High Availability (HA) Join Cluster Errors: "Version Mismatch. Cluster is version 3, should be 4." and "Insufficient disk space"

After having issues with the original cluster not failing over properly we decided to perform a clean install on Node A with the 10.13.66-64bit ISO download. When first trying to use the HA 64 bit option both the /dev/mapper/vg_ha-slash and the /boot partitions were different sizes and when performing a Join Cluster it resulted in a UID Mismatch and Insufficient disk space errors. Switching to the “Advanced” option the partition sizes are a match, but in addition to the insufficient disk space error we now have a cluster is version 3, should be 4 error. Google searches are not yielding anything on the version error so any assistance on this would be greatly appreciated. :sweat:

The ‘cluster version mismatch’ error means that the RUNNING cluster isn’t at the correct version. I’ve had another report of this, and I’ve been scratching my head as to how the cluster isn’t upgraded. However, I’ve had a bit of a eureka moment and realised how it could have happened (and how to stop it happening again!)

As I said on the other post, insufficient disk space means ‘insufficient UNALLOCATED space’. I’m going to fix that wording, and give a bit of debugging in the error too. I’ll edit this post when I’ve released the update.

Edit 1: That disk size error is bogus. Because a variable isn’t being set in a PREVIOUS check, it can’t validate.

OK, I’ve released HA 13.0.10.1, which handles (hopefully!) all of these issues, with better debugging, too.

In the Module Administration have ‘Standard’, ‘Extended’, ‘Commercial’, and ‘Unsupported’ all checked and clicking on Manage local modules shows HA as being Enabled and up to date at 13.0.9.2. :frowning:

You need to get it from the edge repo:

fwconsole ma --edge upgrade freepbx_ha

Ran the above command and refreshed the Module Administration page in the web administration. The “Apply Config” link came up so I clicked on it and it still showed the 13.0.9.2 version as being installed. I went ahead and rebooted and still has 13.0.9.2. Looking online I found the --listonline command and ran it against the repository and it’s showing 13.0.9.2. Should I be using a different repository or am I doing something wrong?

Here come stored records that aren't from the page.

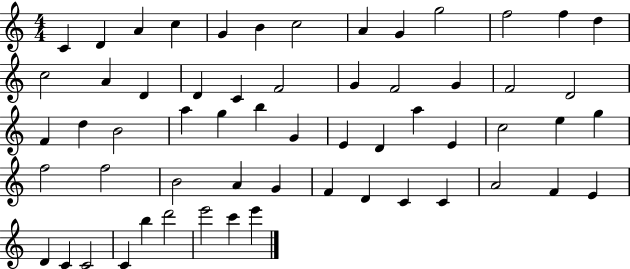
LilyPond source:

{
  \clef treble
  \numericTimeSignature
  \time 4/4
  \key c \major
  c'4 d'4 a'4 c''4 | g'4 b'4 c''2 | a'4 g'4 g''2 | f''2 f''4 d''4 | \break c''2 a'4 d'4 | d'4 c'4 f'2 | g'4 f'2 g'4 | f'2 d'2 | \break f'4 d''4 b'2 | a''4 g''4 b''4 g'4 | e'4 d'4 a''4 e'4 | c''2 e''4 g''4 | \break f''2 f''2 | b'2 a'4 g'4 | f'4 d'4 c'4 c'4 | a'2 f'4 e'4 | \break d'4 c'4 c'2 | c'4 b''4 d'''2 | e'''2 c'''4 e'''4 | \bar "|."
}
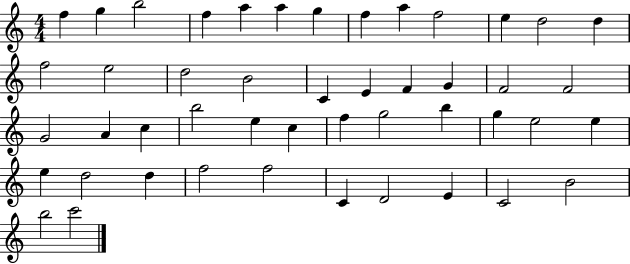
{
  \clef treble
  \numericTimeSignature
  \time 4/4
  \key c \major
  f''4 g''4 b''2 | f''4 a''4 a''4 g''4 | f''4 a''4 f''2 | e''4 d''2 d''4 | \break f''2 e''2 | d''2 b'2 | c'4 e'4 f'4 g'4 | f'2 f'2 | \break g'2 a'4 c''4 | b''2 e''4 c''4 | f''4 g''2 b''4 | g''4 e''2 e''4 | \break e''4 d''2 d''4 | f''2 f''2 | c'4 d'2 e'4 | c'2 b'2 | \break b''2 c'''2 | \bar "|."
}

[[email protected] ~]# fwconsole ma --edge listonline
Edge repository temporarily enabled
No repos specified, using: [standard,commercial,extended,unsupported] from last GUI settings

+----------------------+-------------+--------------------------------------------+------------+
| Module               | Version     | Status                                     | License    |
+----------------------+-------------+--------------------------------------------+------------+
| freepbx_ha           | 13.0.9.2    | Enabled and up to date                     | Commercial |

:sweat:

Edit: Changed command from --list to --listonline which is showing version 13.0.9.2 and included outcome of running upgrade command.

1 Like

At a guess, your ‘free updates’ have expired. But that should be immediately obvious to you when you click ‘check online’, as there’s a big red ‘RENEW’ button next to HA?

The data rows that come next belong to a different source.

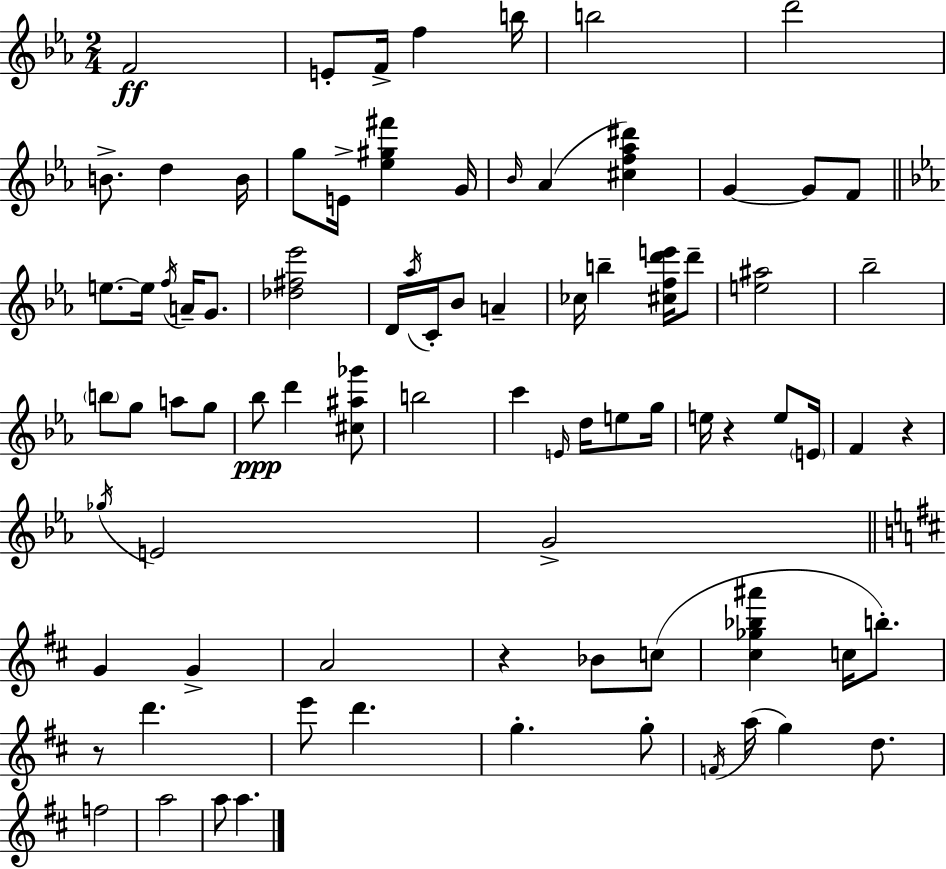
{
  \clef treble
  \numericTimeSignature
  \time 2/4
  \key ees \major
  f'2\ff | e'8-. f'16-> f''4 b''16 | b''2 | d'''2 | \break b'8.-> d''4 b'16 | g''8 e'16-> <ees'' gis'' fis'''>4 g'16 | \grace { bes'16 }( aes'4 <cis'' f'' aes'' dis'''>4) | g'4~~ g'8 f'8 | \break \bar "||" \break \key ees \major e''8.~~ e''16 \acciaccatura { f''16 } a'16-- g'8. | <des'' fis'' ees'''>2 | d'16 \acciaccatura { aes''16 } c'16-. bes'8 a'4-- | ces''16 b''4-- <cis'' f'' d''' e'''>16 | \break d'''8-- <e'' ais''>2 | bes''2-- | \parenthesize b''8 g''8 a''8 | g''8 bes''8\ppp d'''4 | \break <cis'' ais'' ges'''>8 b''2 | c'''4 \grace { e'16 } d''16 | e''8 g''16 e''16 r4 | e''8 \parenthesize e'16 f'4 r4 | \break \acciaccatura { ges''16 } e'2 | g'2-> | \bar "||" \break \key b \minor g'4 g'4-> | a'2 | r4 bes'8 c''8( | <cis'' ges'' bes'' ais'''>4 c''16 b''8.-.) | \break r8 d'''4. | e'''8 d'''4. | g''4.-. g''8-. | \acciaccatura { f'16 }( a''16 g''4) d''8. | \break f''2 | a''2 | a''8 a''4. | \bar "|."
}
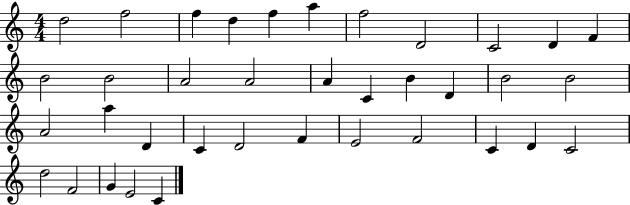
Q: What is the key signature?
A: C major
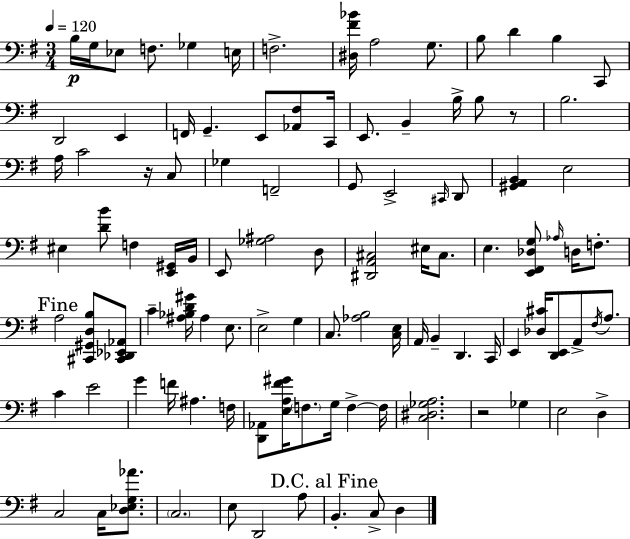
X:1
T:Untitled
M:3/4
L:1/4
K:Em
B,/4 G,/4 _E,/2 F,/2 _G, E,/4 F,2 [^D,^F_B]/4 A,2 G,/2 B,/2 D B, C,,/2 D,,2 E,, F,,/4 G,, E,,/2 [_A,,^F,]/2 C,,/4 E,,/2 B,, B,/4 B,/2 z/2 B,2 A,/4 C2 z/4 C,/2 _G, F,,2 G,,/2 E,,2 ^C,,/4 D,,/2 [^G,,A,,B,,] E,2 ^E, [DB]/2 F, [E,,^G,,]/4 B,,/4 E,,/2 [_G,^A,]2 D,/2 [^D,,A,,^C,]2 ^E,/4 ^C,/2 E, [E,,^F,,_D,G,]/2 _A,/4 D,/4 F,/2 A,2 [^C,,^G,,D,B,]/2 [^C,,_D,,_E,,_A,,]/2 C [^A,_B,D^G]/4 ^A, E,/2 E,2 G, C,/2 [_A,B,]2 [C,E,]/4 A,,/4 B,, D,, C,,/4 E,, [_D,^C]/4 [D,,E,,]/2 A,,/2 ^F,/4 A,/2 C E2 G F/4 ^A, F,/4 [D,,_A,,]/2 [E,A,^F^G]/4 F,/2 G,/4 F, F,/4 [C,^D,_G,A,]2 z2 _G, E,2 D, C,2 C,/4 [D,_E,G,_A]/2 C,2 E,/2 D,,2 A,/2 B,, C,/2 D,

There’s a bit of a discussion about that in this ticket. http://issues.freepbx.org/browse/FREEPBX-12977

How could I make it more obvious?

However, the version upgrade command can be resolved by running this on the production machine:

touch /var/spool/asterisk/incron/freepbx_ha.update-cluster

That will trigger the update process and upgrade it to version 4!

Ran the command

touch /var/spool/asterisk/incron/freepbx_ha.update-cluster

on the cluster I’m trying to join (node b) and nothing happens. ls -al shows the directory as being empty and the node still shows version 13.0.9.2. Trying to join the cluster also results in the same mismatch error.

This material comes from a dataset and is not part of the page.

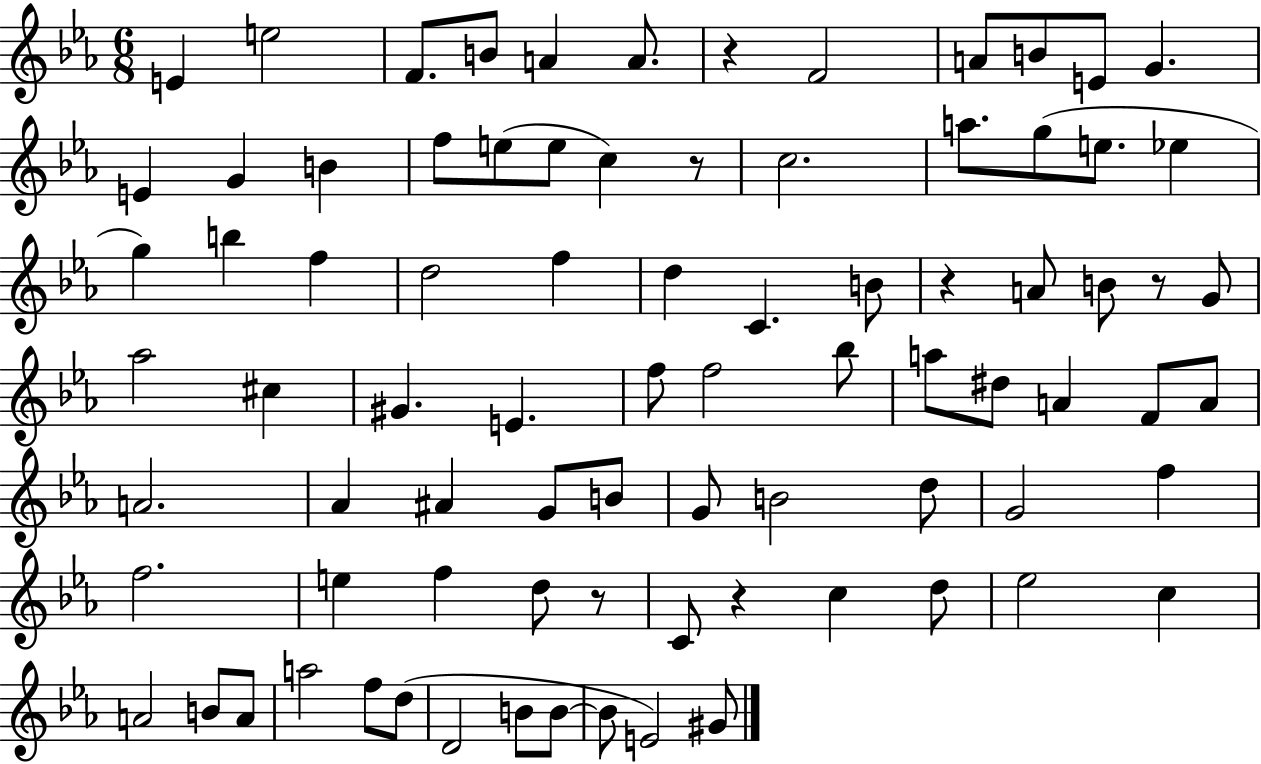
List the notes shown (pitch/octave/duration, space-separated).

You do that on the live node, to upgrade the cluster version. Then you will be able to join.

Node B is the live node and is the server I tried running the above command on. Node A is the new clean install which I’m trying to join to the cluster After running the above string it didn’t output anything to the screen and just returned to the cursor. I tried joining from Node A with the same two errors, so then I went ahead and ran Cluster > Manage > Run on Node B and then tried to join Node A with the same results.